BEGIN

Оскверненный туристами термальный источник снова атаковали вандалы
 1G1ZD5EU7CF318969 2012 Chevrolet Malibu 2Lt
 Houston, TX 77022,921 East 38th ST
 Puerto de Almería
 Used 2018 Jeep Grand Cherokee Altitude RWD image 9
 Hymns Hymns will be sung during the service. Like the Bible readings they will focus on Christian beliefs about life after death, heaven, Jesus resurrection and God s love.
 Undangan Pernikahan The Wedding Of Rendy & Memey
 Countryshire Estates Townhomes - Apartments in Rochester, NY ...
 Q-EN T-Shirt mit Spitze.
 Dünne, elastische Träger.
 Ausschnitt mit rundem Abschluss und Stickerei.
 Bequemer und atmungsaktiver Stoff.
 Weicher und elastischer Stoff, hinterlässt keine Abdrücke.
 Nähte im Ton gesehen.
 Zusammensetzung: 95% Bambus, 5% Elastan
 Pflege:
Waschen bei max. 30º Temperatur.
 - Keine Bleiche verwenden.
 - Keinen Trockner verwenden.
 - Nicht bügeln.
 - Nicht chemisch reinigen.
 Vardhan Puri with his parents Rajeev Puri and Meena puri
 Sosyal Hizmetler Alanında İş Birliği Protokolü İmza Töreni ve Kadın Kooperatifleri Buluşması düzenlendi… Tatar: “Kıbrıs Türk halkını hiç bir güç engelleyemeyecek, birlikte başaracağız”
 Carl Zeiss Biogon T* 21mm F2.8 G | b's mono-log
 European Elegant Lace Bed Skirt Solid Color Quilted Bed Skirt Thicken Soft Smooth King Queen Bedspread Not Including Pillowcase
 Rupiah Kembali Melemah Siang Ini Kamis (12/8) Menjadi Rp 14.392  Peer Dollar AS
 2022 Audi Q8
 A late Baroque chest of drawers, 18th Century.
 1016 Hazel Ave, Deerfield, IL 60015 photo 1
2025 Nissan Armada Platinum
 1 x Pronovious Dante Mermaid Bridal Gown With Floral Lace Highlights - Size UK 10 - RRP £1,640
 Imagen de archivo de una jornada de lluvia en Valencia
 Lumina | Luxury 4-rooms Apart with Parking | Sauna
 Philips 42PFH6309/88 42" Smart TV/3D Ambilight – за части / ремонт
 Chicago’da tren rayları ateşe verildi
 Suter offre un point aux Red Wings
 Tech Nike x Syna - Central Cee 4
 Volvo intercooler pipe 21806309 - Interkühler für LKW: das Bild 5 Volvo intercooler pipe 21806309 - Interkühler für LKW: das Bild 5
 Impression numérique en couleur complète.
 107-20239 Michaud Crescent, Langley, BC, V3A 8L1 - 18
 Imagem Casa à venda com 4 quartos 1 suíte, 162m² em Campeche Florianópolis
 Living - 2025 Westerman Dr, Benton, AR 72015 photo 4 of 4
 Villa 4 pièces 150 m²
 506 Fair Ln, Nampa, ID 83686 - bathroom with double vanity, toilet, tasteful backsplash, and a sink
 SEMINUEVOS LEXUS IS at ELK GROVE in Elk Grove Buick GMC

END

Using the data above, copy each line that contains "Stoff".

 Bequemer und atmungsaktiver Stoff.
 Weicher und elastischer Stoff, hinterlässt keine Abdrücke.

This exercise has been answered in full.